The person who serves the eviction forms on the tenant will complete the "proof-of-service section" of the original Summons, and then return it to you or to the clerk for filing.
Not just anybody can serve the tenant with the eviction forms.
The law requires that a sheriff or a private process server be used to serve the forms.
Therefore, after you visit the clerk and pay for filing the case, you usually then need to take the eviction forms to the office of the sheriff in the county where the eviction is being done.
The sheriff will charge you a fee for serving the eviction forms on the tenant, usually around $45 for serving just one tenant, and more for serving extra tenants. The sheriff will take the original Summons, plus a copy, and will also take one or two copies of the complaint.
A sheriff deputy will then visit the tenant, taking the eviction forms with him.
When the deputy finds the tenant, he will give the tenant a copy of the eviction forms, and then will fill out the proof-of-service section of the original Summons, and return it to the clerk's office for filing.
Sometimes the sheriff will return the Summons to you, instead of to the clerk, so that you can deliver the Summons to the clerk yourself for filing.
If the sheriff's deputies are unable to find the tenant, then after a week or two they will return the Summons, indicating that it was "not served."
Read the summons carefully, because a served one and a "not-served" one look almost identical. If your Summons is not served, then you can go to the clerk's office and file the "unserved Summons", and get a replacement Summons, which will be called an "Alias Summons."
You will not need to file another Complaint though. Once is enough for the Complaint. For the Alias Summons, just write the word "Alias" next to the word "Summons" near the top of the Summons, to indicate that it is an Alias Summons.
If the Aias Summons is returned not served, then you can get a "Second Alias Summons," and then a "Third Alias Summons," and so on, until the tenant is finally located, or until you give up.
You can also use a private process server instead of the Sheriff. The rules for using a private server are different for various location.

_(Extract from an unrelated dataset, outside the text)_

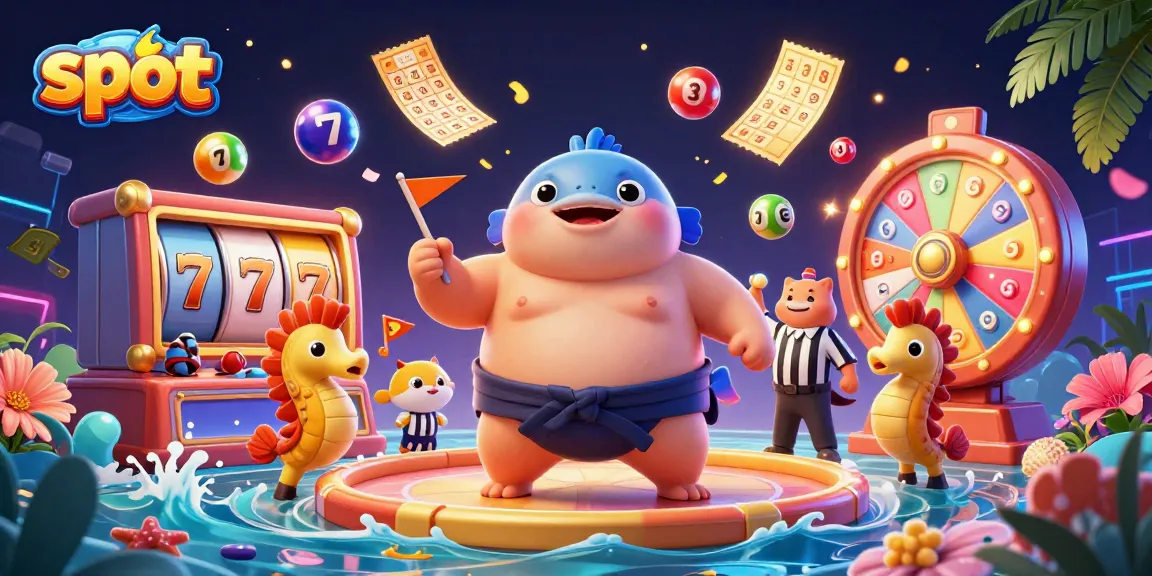Engage with the exciting world of slot games illustrated through vibrant characters and elements.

In all locations, the process server has to be licensed by the State. In Cook County, Illinois, where Chicago is located, you are required to use the sheriff for serving the eviction forms, unless you get an order from the judge allowing you to use a private server.
The private server usually does a better job, because the private server only gets paid if the service is successful. The private server usually charges more than twice as much as the sheriff does, though.
Once your eviction forms are served on the tenant, you are ready for Court.